1. client.Do(req) calls req.write(), which calls r.Header.writeSubset(w, reqWriteExcludeHeader, ...) — this skips the "Host" key entirely.
2. The proxy receives the request with Host: 127.0.0.1:<proxyPort>, stores it as r.In.Host.
3. pool/client.go line 114 sets X-Forwarded-Host from r.In.Host (when MaskRequestHost is set).
4. The assertion on line 1014 checks fmt.Sprintf("127.0.0.1:%d", proxyPort) — which matches, but only because it equals the URL host, not the "localhost" value the dead Header.Set was trying to inject.

Why existing code doesn't prevent it

Nothing in the test or the proxy validates that the Header.Set call had any effect. The assertion uses the URL-derived IP address directly, so the test silently validates a different behavior than the one the author intended. There is no compile-time or runtime error when req.Header["Host"] is set and then silently ignored.

Impact

The test passes and its assertions are internally consistent, but it does not exercise the proxy's Host-forwarding behavior with a localhost hostname.
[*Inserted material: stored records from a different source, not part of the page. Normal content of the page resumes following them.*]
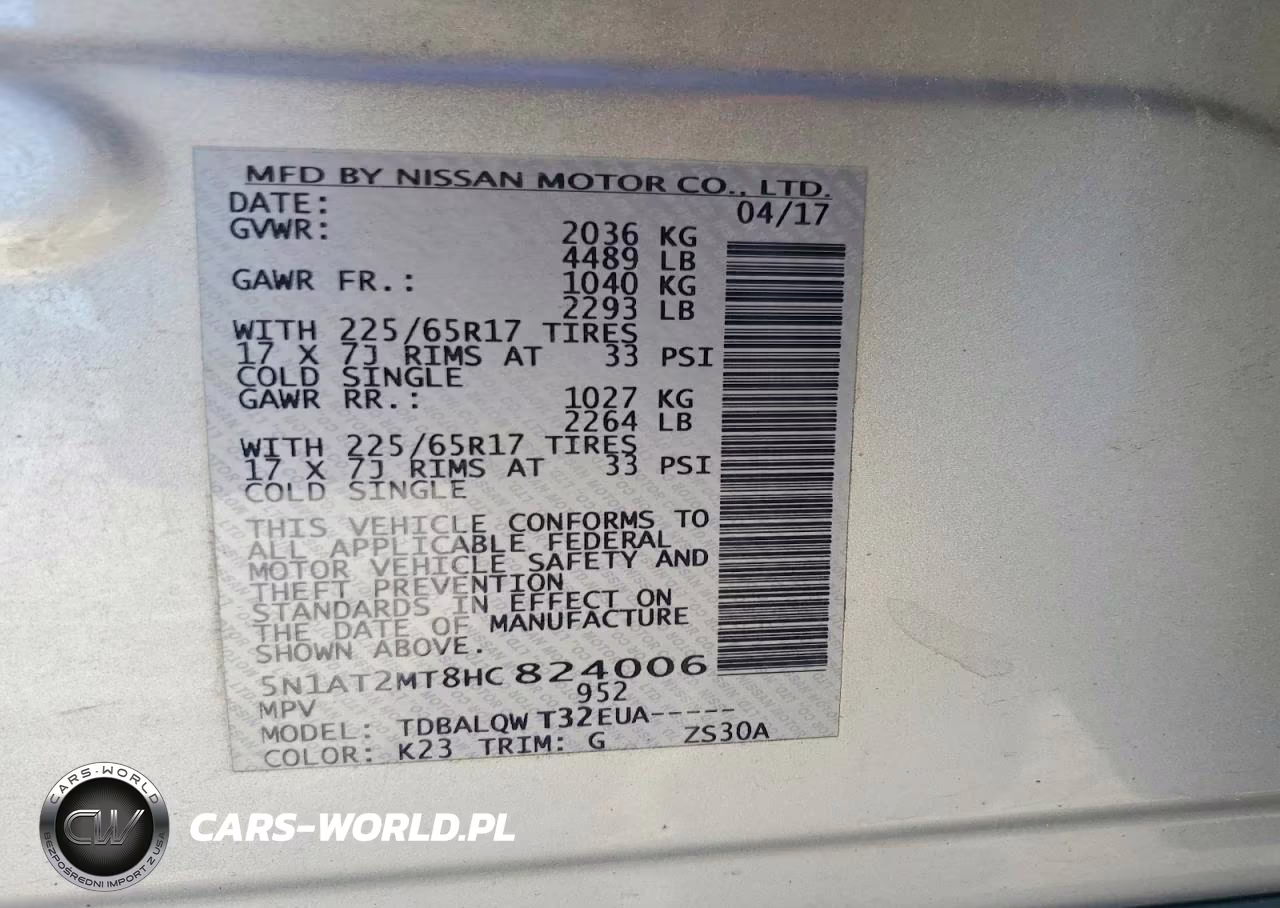 2017 Nissan Rogue Sv VIN:5N1AT2MT8HC824006 - 13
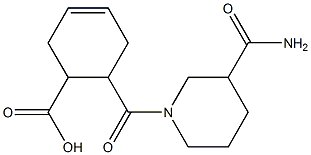 6-{[3-(aminocarbonyl)piperidin-1-yl]carbonyl}cyclohex-3-ene-1-carboxylic acid 化学構造式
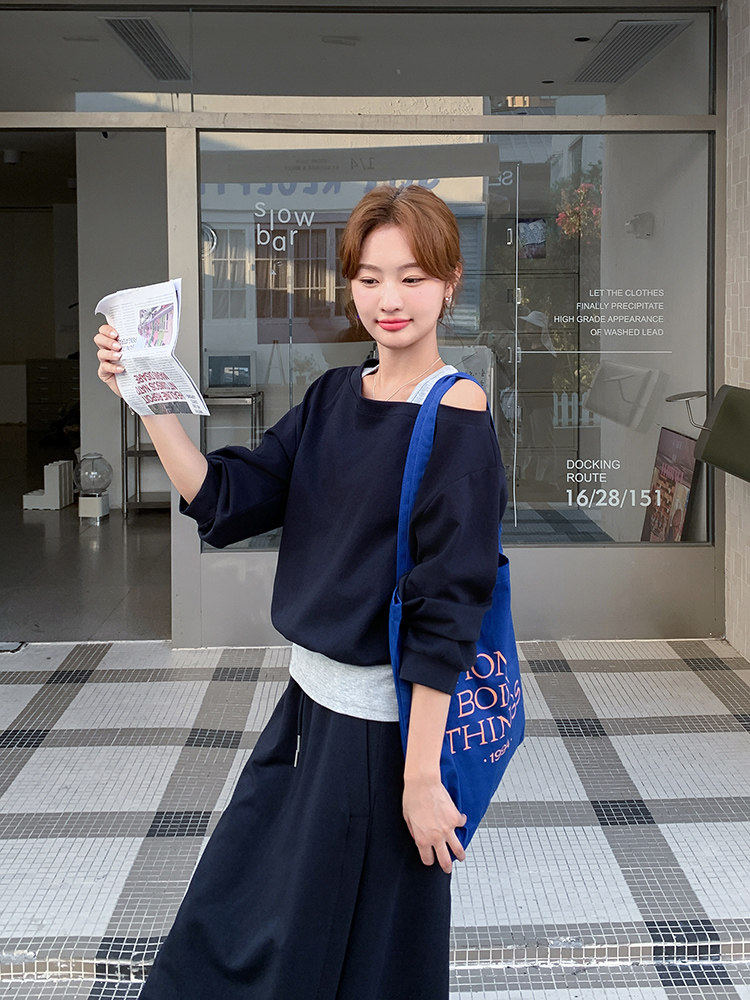 韩系气质假两件露肩卫衣套装裙女2025秋季新款小个子显瘦两件套潮,女装套装/套裙,纯色衣恋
Code reviewers reading the test are misled into thinking it tests the "localhost host" path; in reality it only tests the 127.0.0.1 path.

How to fix it

Replace:

req.Header.Set("Host", fmt.Sprintf("localhost:%d", proxyPort))

with:

req.Host = fmt.Sprintf("localhost:%d", proxyPort)

and update the X-Forwarded-Host assertion from fmt.Sprintf("127.0.0.1:%d", proxyPort) to fmt.Sprintf("localhost:%d", proxyPort) to actually test the intended behavior. Alternatively, remove the dead line entirely and rely on the URL host.

Step-by-step proof

1. req.URL is set to http://127.0.0.1:<proxyPort>, so req.URL.Host = "127.0.0.1:<proxyPort>".
2. req.Host is never set, so it remains empty string ("").
3. req.Header.Set("Host", "localhost:<proxyPort>") writes into req.Header["Host"].
4. client.Do(req) calls r.write() → r.Header.writeSubset(w, reqWriteExcludeHeader). Because reqWriteExcludeHeader["Host"] = true, the "Host" entry in req.Header is skipped.
5. The actual Host line written to the wire (net/http/request.go ~line 610): r.URL.Host → "127.0.0.1:<proxyPort>".
6. The proxy sees Host: 127.0.0.1:<proxyPort>, copies it to X-Forwarded-Host.
7. The test assertion assert.Equal(t, fmt.Sprintf("127.0.0.1:%d", proxyPort), data.Headers.Get("X-Forwarded-Host")) passes — but never tests the localhost path.